Evidence based medicine is a term we use (or more correctly, throw around) when we are trying to assure the validity that what medicine we are giving has been proven by science to work. Actually this is a definition I just made up as a summary of best explanation I can find to describe this term. I don’t think there is a definite definition for it as it depends who you are talking to and what they are trying to prove. I tend to think since science is constantly learning, claiming evidence based can be a tenuous term but a valuable one nonetheless when used correctly – that evidence shows it works.
The overall judge of this is statistical analysis, a gift really, that allows us to state in one sentence if the results we are looking at mean anything. Statistical analysis is an elementary type of math that allows you to determine easily if what you saw in an experiment can be applied to everyone. It is fascinating to see in action. In other words, the sample of people you drew for the experiment from everyone on the planet gives a result. It is statistic’s job to evaluate whether or not the results you have observed have a small enough range in values based on your sample size to be representative of the larger population. This range in values is referred to as Standard Deviation and gives a measure of how far from the mean all of your readings deviate. This is why an experiment with a large number of study subjects giving results close to the same reading gives a more robust ability to come to a conclusion that it represents the entire population. Conversely, readings all over the board may mean statistically you cannot come to a firm conclusion, and a small sample size in the experiment means you really need to be on your game and have vary little deviation in results to arrive at a strong conclusion.
Observe the above graph that outlines a typical bell curve in readings in an experiment. The goal is to keep all readings as close to the mean as possible to claim that there is a statistical effect. Outside of this range of SD+-1 readings happen that broaden the SD to +-2 and can reduce the certainty of your results. Note the word certainty, we can narrow down the certainty that the conclusion is true but we can’t prove beyond a shadow of a doubt that it is. The biggest beef with self described strict evidence based only medicine subscribers is that a Type 1 error or false positive will result: we have claimed a difference between placebo and drug when in fact there isn’t one. They really don’t care about the Type 2 errors or false negatives when a small study claims there is no difference when in fact there is one because that rarely leads to the therapy being used.

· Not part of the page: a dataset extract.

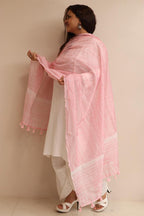 Luxurion World- Crafted Heirlooms - Pink Digital Printed Chanderi Dupatta with Handcrafted Tassels â€“ Traditional Wear for Women, Lightweight & Elegant - Luxurion World- Crafted Heirlooms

So a larger sample size should have the power to detect smaller differences that are statistically significant between placebo and drug group. When we are looking for a benefit like pain relief with topically applied medication, small differences are not what we are looking for so a big difference is not too difficult to find with a small sample size. Increasing the sample size will help to increase the power of the test and make it more sensitive meaning we avoid type 2 errors more. We make all tests stronger when we repeat the experiment and find similar results, even if that test has a small number of test subjects. Going back to the pain relief in cancer patients, where placebo effect might be there (the palliative care Doctor says if the placebo effect does that then we should bottle that and sell it), a sizeable improvement in pain relief with a small sample size (N of 1) is required to really show the pain creams work, and repeated application of the cream with the same results backs this up.
So what about those patients that fall on the outside of this bell curve. Those in the centre seem to respond well to the drug where as a population sample drawn on the left or right of this graph seems to have non-responders or low responders. How do we treat them? Perhaps the geographical area where the study was done had a result that the larger population didn’t. Small sample size studies are more able to find subtle changes in a medication’s response to a population group that may be lost in a large sample size.
Overall, evidence based medicine is the gold standard and small studies are quite unique in contributing to our overall understanding of the puzzle when applied correctly, just as any large study needs to be evaluated for its strength in arriving at the conclusion it did.